Nothing but the lines from the start of the records below through the line that has "Noviko Purple Flower" should appear, each exactly as given.

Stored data

────────────────────────────────────────

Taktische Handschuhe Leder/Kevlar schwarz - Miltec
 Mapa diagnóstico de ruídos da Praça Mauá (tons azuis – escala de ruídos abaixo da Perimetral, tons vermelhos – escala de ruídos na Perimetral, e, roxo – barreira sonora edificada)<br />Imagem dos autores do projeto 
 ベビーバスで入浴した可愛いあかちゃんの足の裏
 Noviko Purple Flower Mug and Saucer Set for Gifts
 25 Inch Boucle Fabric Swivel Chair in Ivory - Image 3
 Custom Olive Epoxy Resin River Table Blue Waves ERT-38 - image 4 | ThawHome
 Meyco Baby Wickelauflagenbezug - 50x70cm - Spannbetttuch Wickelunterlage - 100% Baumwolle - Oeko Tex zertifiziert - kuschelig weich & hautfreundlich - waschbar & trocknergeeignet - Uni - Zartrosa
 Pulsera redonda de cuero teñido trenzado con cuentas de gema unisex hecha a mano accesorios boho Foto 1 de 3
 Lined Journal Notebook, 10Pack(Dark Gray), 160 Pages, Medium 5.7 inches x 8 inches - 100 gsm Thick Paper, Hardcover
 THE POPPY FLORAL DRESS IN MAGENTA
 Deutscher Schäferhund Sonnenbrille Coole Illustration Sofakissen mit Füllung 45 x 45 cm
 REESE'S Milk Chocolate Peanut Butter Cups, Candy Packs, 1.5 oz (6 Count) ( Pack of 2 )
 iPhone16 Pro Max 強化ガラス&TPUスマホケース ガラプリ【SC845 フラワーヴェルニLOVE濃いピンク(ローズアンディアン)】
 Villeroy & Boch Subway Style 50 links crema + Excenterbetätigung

────────────────────────────────────────

Task answer —
Taktische Handschuhe Leder/Kevlar schwarz - Miltec
 Mapa diagnóstico de ruídos da Praça Mauá (tons azuis – escala de ruídos abaixo da Perimetral, tons vermelhos – escala de ruídos na Perimetral, e, roxo – barreira sonora edificada)<br />Imagem dos autores do projeto 
 ベビーバスで入浴した可愛いあかちゃんの足の裏
 Noviko Purple Flower Mug and Saucer Set for Gifts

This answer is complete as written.